╭─ PROVIDED RECORDS

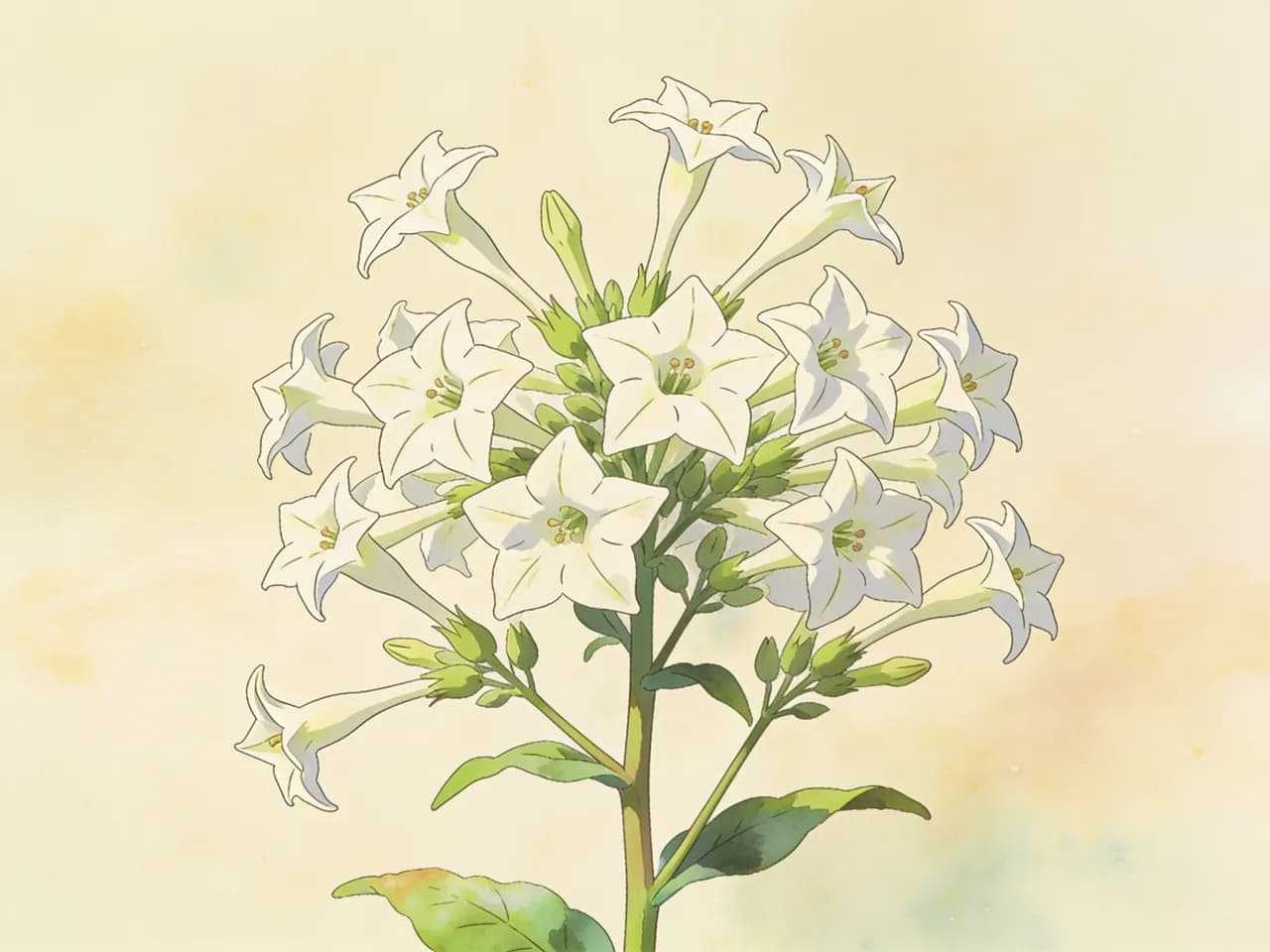 Tabaco ornamental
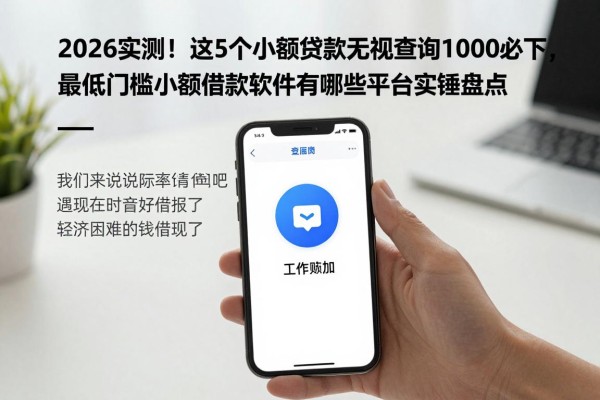 2026实测!这5个小额贷款无视查询1000必下,最低门槛小额借款软件有哪些平台实锤盘点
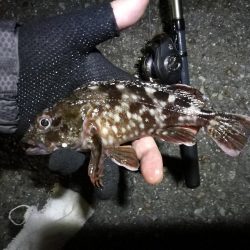 南港ヘチ釣行 (9/7 南港ヘチ釣り 黒メバル、ガシラ 釣果有り)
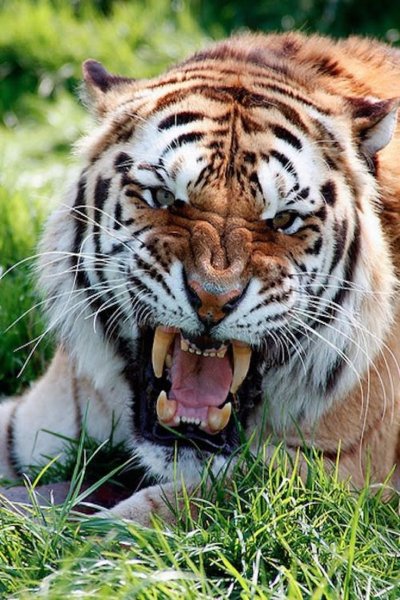 Тайгер тигр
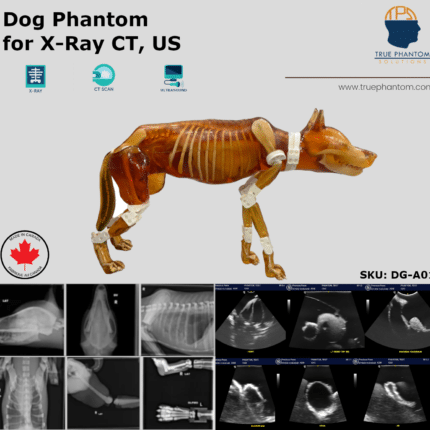 veterinary dog Test phantom for radiology training. Useful for radiography, X-Ray, CT, MRI, Ultrasound, US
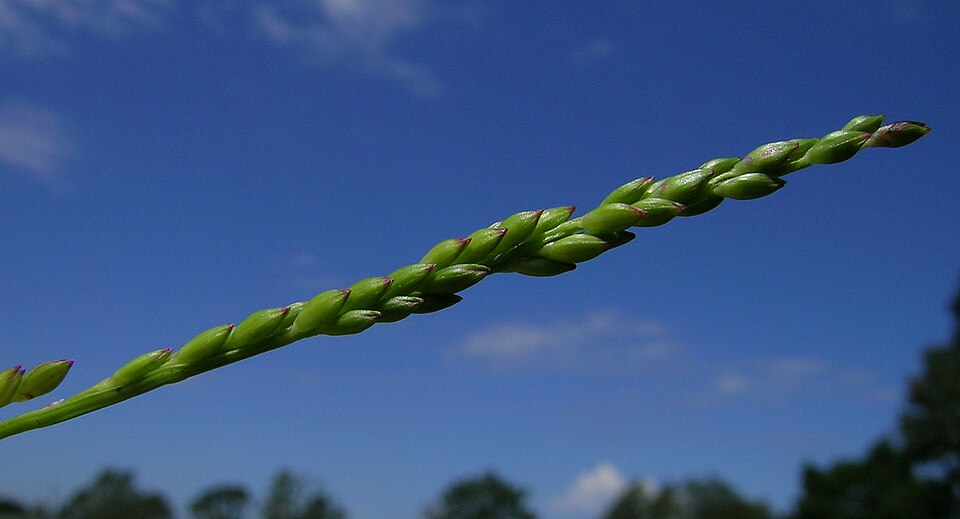 Entolasia stricta (Wiry Panic) (alternate view 5)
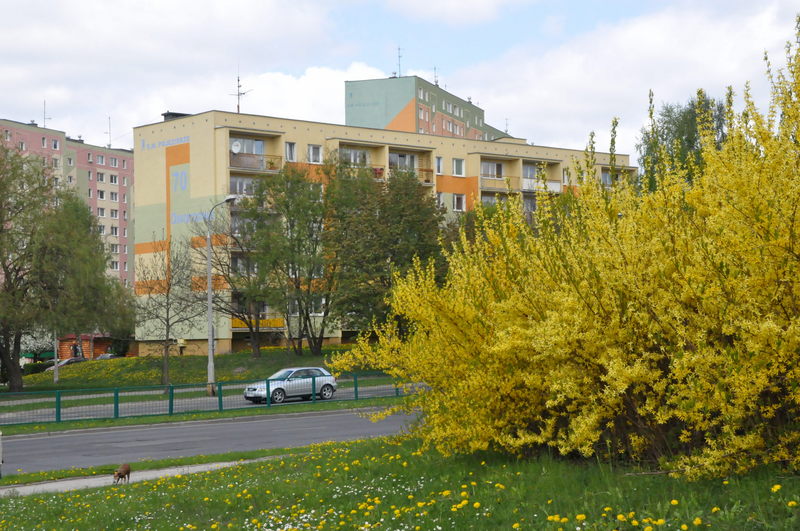 Budynkiwiosna2011065.jpg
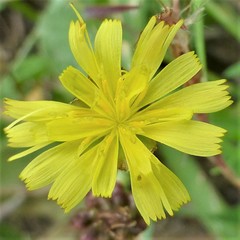 Crepis zacintha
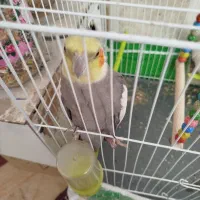 عروس هلندی|پرنده|مشهد, شهید احمدی روشن|دیوار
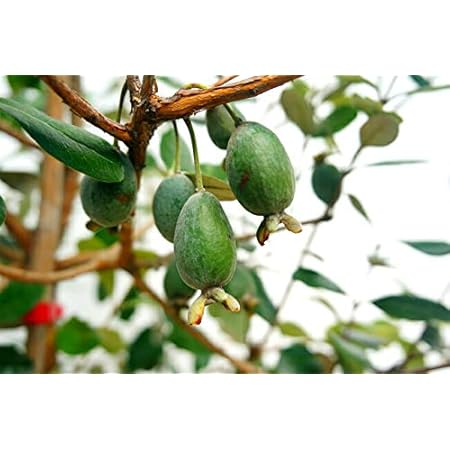 Amazon 限定販売 フェイジョア アポロ 3年生 挿し木苗 果樹苗木 果樹苗 生垣 果物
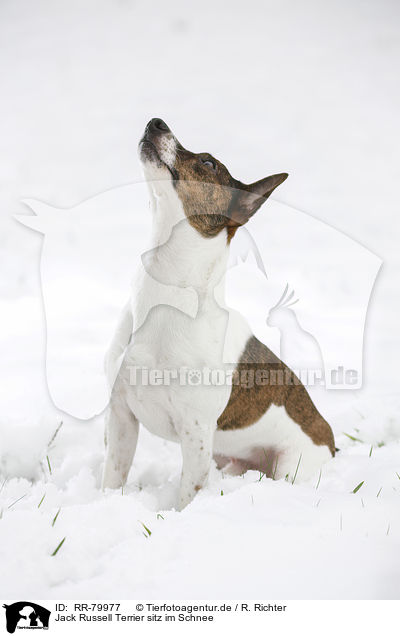 Jack Russell Terrier sitz im Schnee / Jack Russell Terrier sits in snow / RR-79977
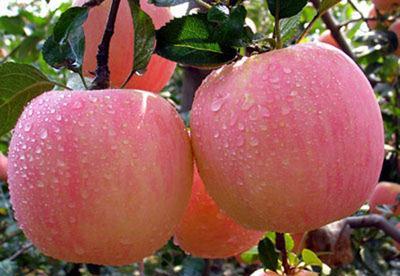 水果|小雪时节多吃这六种水果，保持好心情，愉快地度过初冬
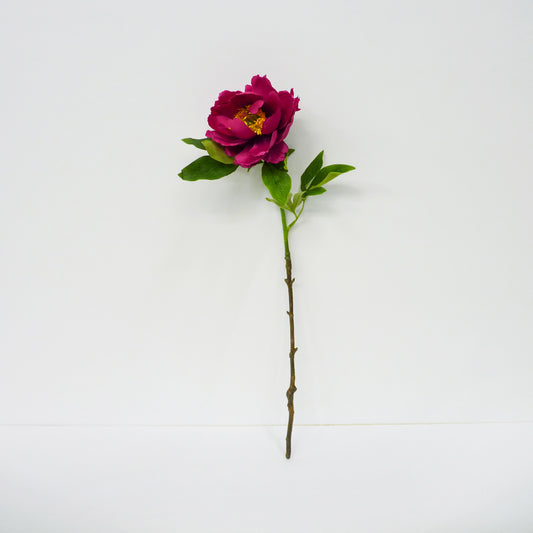 Deep Pink Garden Peony
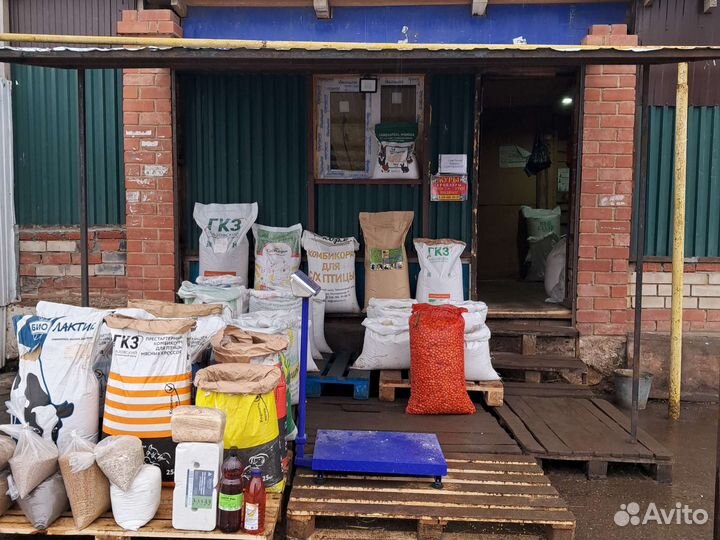 Пшеница комбикорм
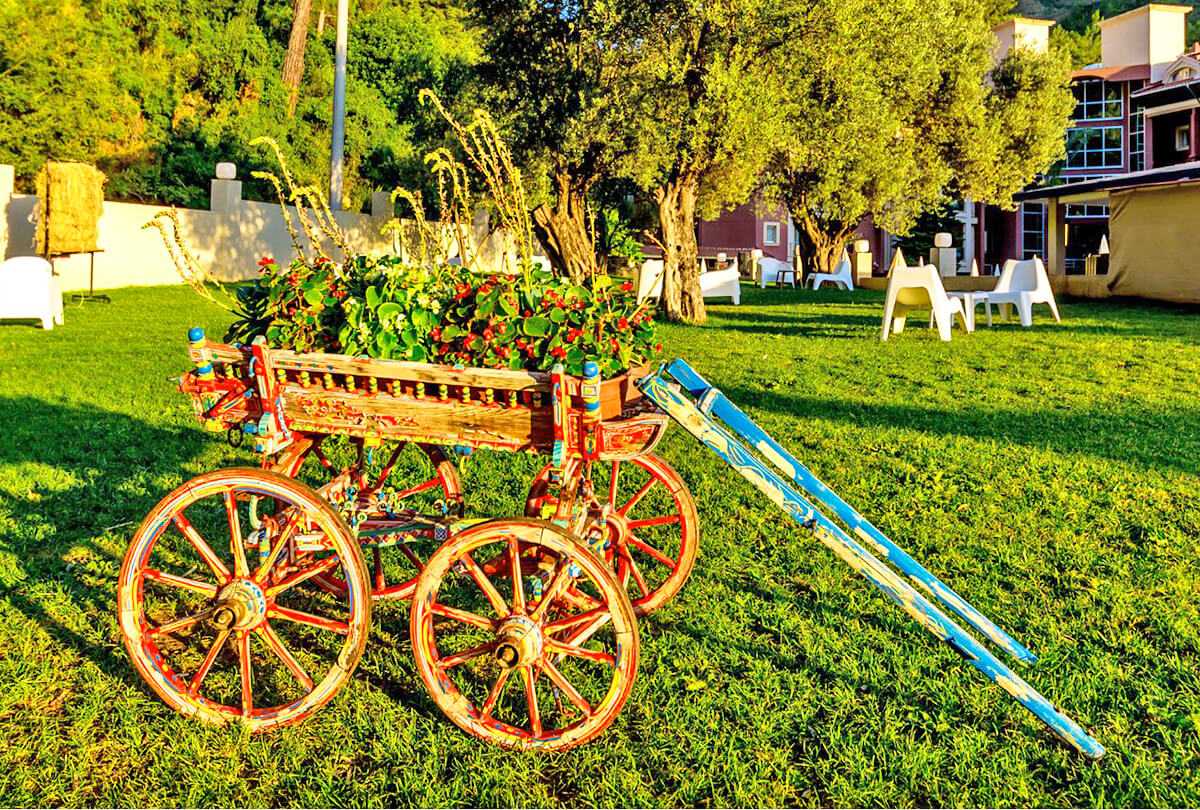 cheap resort hotels to Spend holiday with family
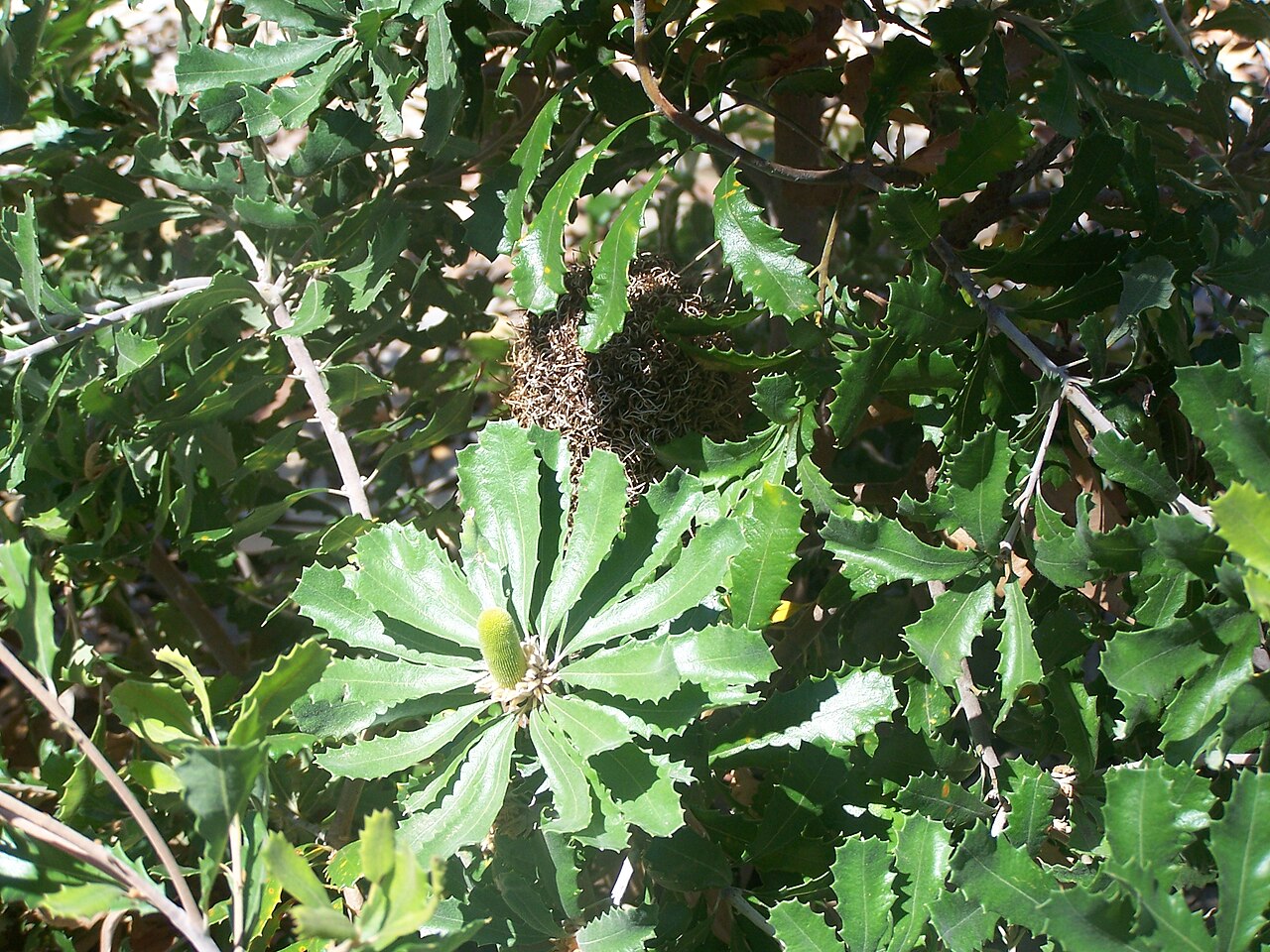 Banksia epica: Banksia epica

╰─

Please copy the data above word for word, but only from the line that contains "Budynkiwiosna2011065.jpg" through the final line, both included, and without the pictures.

- **TASK RESULT**:
 Budynkiwiosna2011065.jpg
 Crepis zacintha
 عروس هلندی|پرنده|مشهد, شهید احمدی روشن|دیوار
 Amazon 限定販売 フェイジョア アポロ 3年生 挿し木苗 果樹苗木 果樹苗 生垣 果物
 Jack Russell Terrier sitz im Schnee / Jack Russell Terrier sits in snow / RR-79977
 水果|小雪时节多吃这六种水果，保持好心情，愉快地度过初冬
 Deep Pink Garden Peony
 Пшеница комбикорм
 cheap resort hotels to Spend holiday with family
 Banksia epica: Banksia epica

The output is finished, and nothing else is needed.